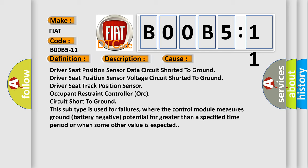This subtype is used for failures where the control module measures ground battery negative potential for greater than a specified time period or when some other value is expected. The airbag reset website aims to provide information in 52 languages.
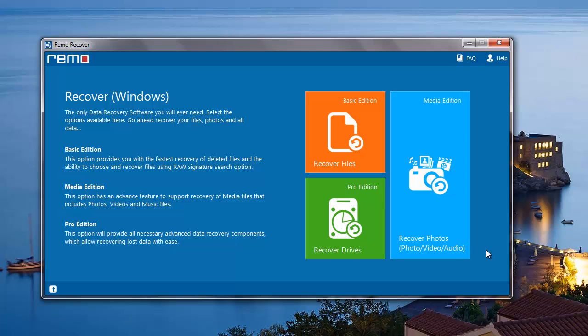On the main screen of this photo recovery software, I'll select the recover photos module that I see here.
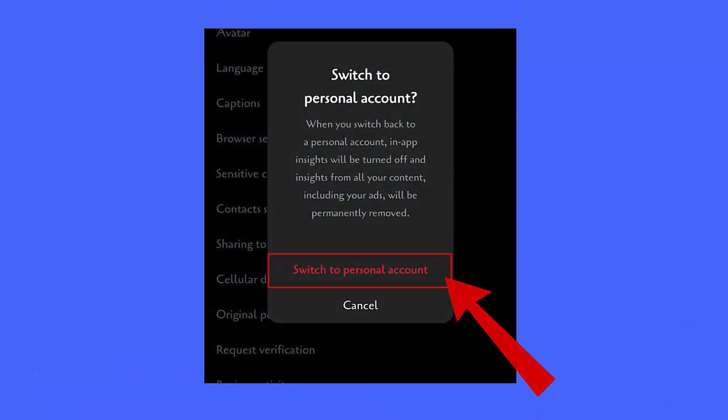Method 3: Switch to a personal account. Switching to a personal account is also helpful in fixing the error. Follow the steps: go to your Instagram profile, tap on the icon, now tap on Settings and Privacy, then For Professionals, next Business Tools and Controls. After that, click on Switch Account Type, then switch to personal account, and finally click on Switch to Personal Account. When the process is over, restart your phone to check the error.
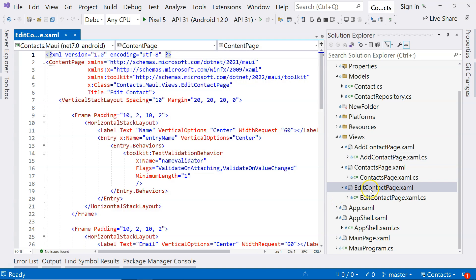We have created the edit contact page and done the view validations. If we are going to create an add contact page, the two pages look very similar. The functionalities are different — the edit page is to update a contact and the add page is to add a new contact. Because of the similarities, we need to think about creating a reusable control that we can share between these two pages. Today in this video we are going to work on creating that reusable control.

What this task involves ▸ Would you give the data above again word for word, minus the pictures?

Answer area ▸
This subtype is used for failures where the control module measures ground battery negative potential for greater than a specified time period or when some other value is expected. The airbag reset website aims to provide information in 52 languages.
On the main screen of this photo recovery software, I'll select the recover photos module that I see here.
Method 3: Switch to a personal account. Switching to a personal account is also helpful in fixing the error. Follow the steps: go to your Instagram profile, tap on the icon, now tap on Settings and Privacy, then For Professionals, next Business Tools and Controls. After that, click on Switch Account Type, then switch to personal account, and finally click on Switch to Personal Account. When the process is over, restart your phone to check the error.
We have created the edit contact page and done the view validations. If we are going to create an add contact page, the two pages look very similar. The functionalities are different — the edit page is to update a contact and the add page is to add a new contact. Because of the similarities, we need to think about creating a reusable control that we can share between these two pages. Today in this video we are going to work on creating that reusable control.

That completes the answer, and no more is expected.